(Beginning of Given records)

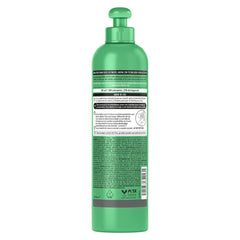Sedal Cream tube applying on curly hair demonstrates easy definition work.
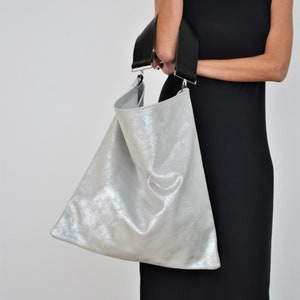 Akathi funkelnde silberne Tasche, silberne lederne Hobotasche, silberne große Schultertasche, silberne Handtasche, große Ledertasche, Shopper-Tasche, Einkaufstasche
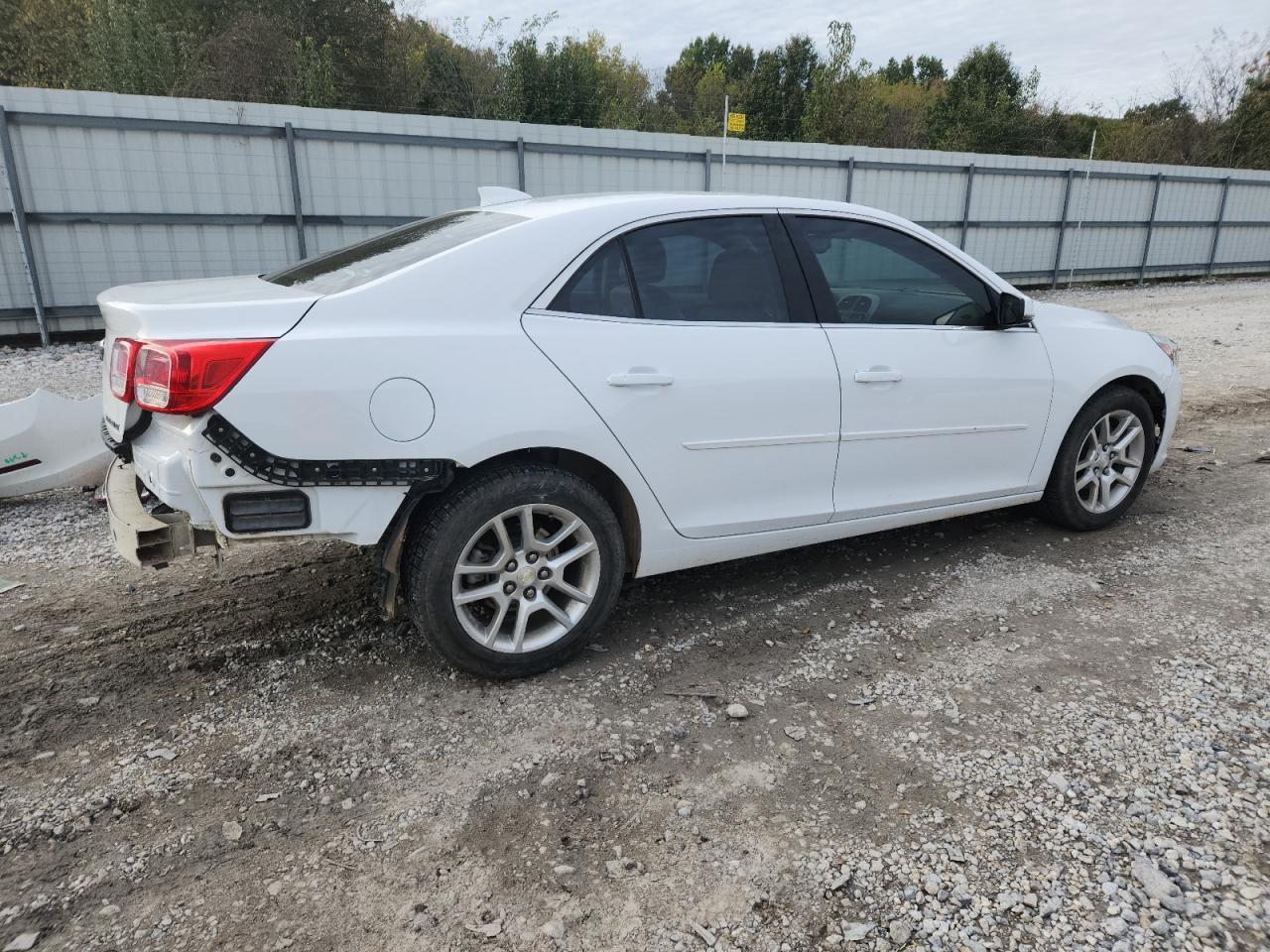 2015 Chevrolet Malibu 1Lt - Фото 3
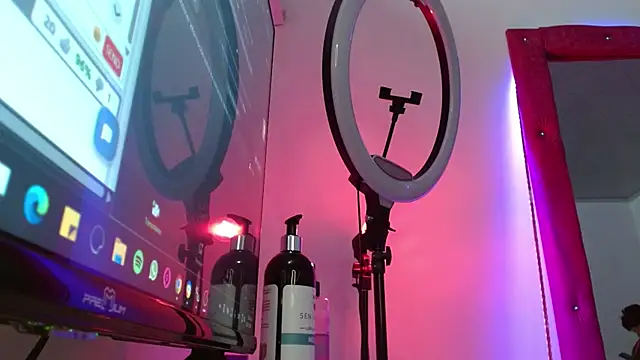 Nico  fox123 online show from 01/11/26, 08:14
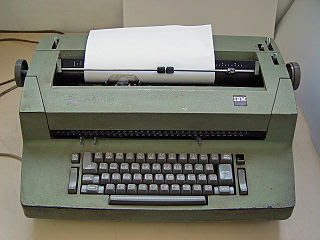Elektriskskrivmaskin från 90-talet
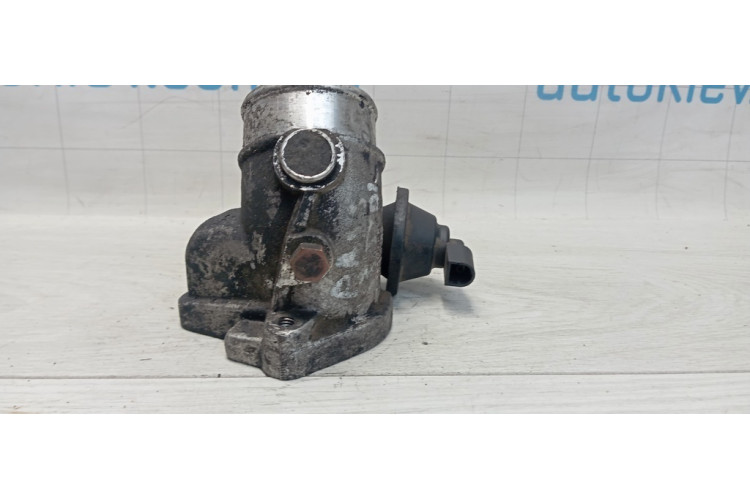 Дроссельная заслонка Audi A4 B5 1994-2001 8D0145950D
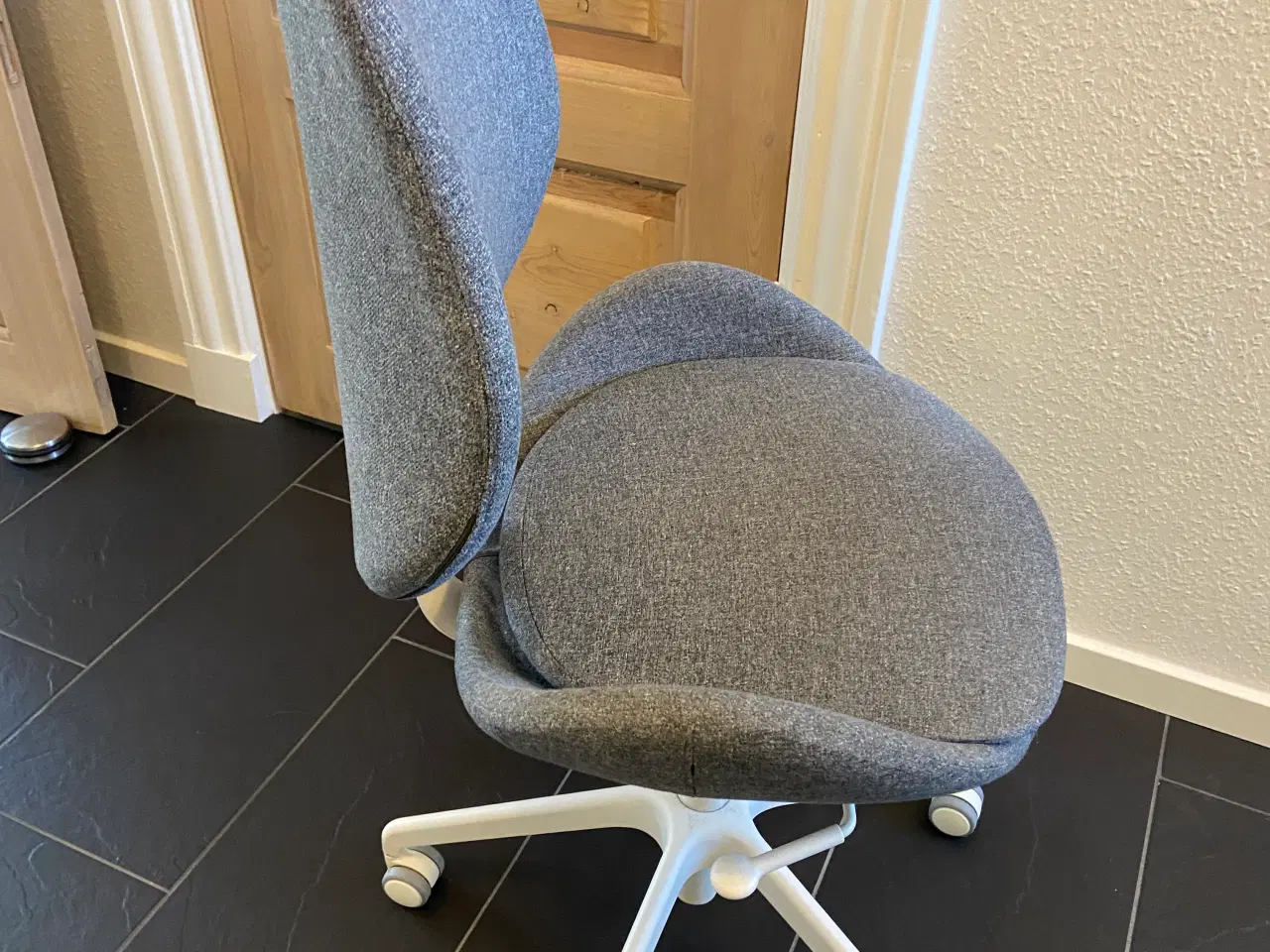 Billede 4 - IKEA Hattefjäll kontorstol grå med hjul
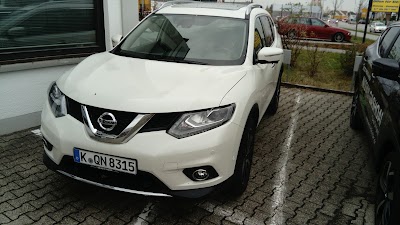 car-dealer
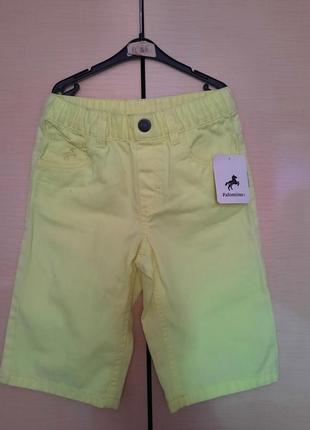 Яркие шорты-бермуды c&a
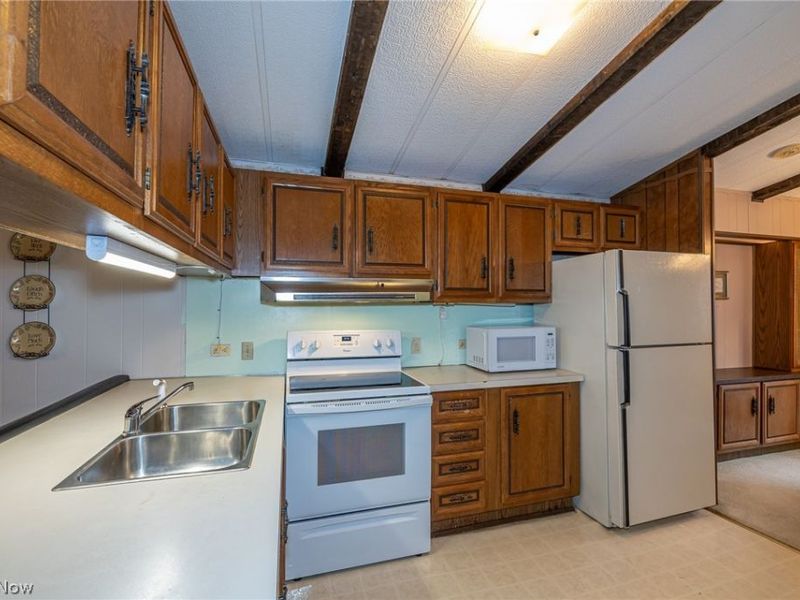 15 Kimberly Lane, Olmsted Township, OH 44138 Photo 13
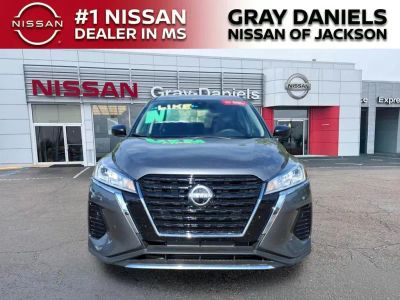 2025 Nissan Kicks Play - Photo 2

(End of Given records)

▶ _Instructions for the task_: Give back exactly the lines from the line with "Яркие шорты-бермуды c&a" through the end of the records, both included; keep all pictures out.

▶ _Response below_:
 Яркие шорты-бермуды c&a
 15 Kimberly Lane, Olmsted Township, OH 44138 Photo 13
 2025 Nissan Kicks Play - Photo 2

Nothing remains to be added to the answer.